# Jig to drill holes in the center of curtian rods -VERY Complicated



## patcollins (Jul 22, 2010)

Without a doubt this is the most complicated jig I ever built.

The store didn't have two 4ft rods but they did have an 8ft one. So I decided to buy the 8 ft one and cut it in half. When I got it home I realized oh no there are no pilot holes for the finals in the cut ends.

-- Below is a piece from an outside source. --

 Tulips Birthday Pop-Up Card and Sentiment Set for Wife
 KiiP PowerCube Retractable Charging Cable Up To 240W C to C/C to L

So I made this jig to allow me to drill a fairly straight hole into the end of the curtain

rod/any 1-3/8" dowel.

Drilled into a chunk of 2×4 with a 1 3/8" forsner bit, I used the nipple to drill an 1/8 hole through the rest of the 2×4 and this was the drill guide. The tape is because the rod isnt quite 1 3/8" like it said it was.


----------



## gfadvm (Jan 13, 2011)

Excellent tip!


----------



## Picklehead (Feb 12, 2013)

I love tips like this, which I have absolutely no use for now, that maybe someday will be exactly what I need to save the day. Thanks.


----------



## phlyers (Jul 4, 2013)

Yes I too love tips like this. Falls under the "why didn't I think of that category"


----------



## tworavens (Jul 8, 2013)

Great use for scrap twobafours. Love it!


----------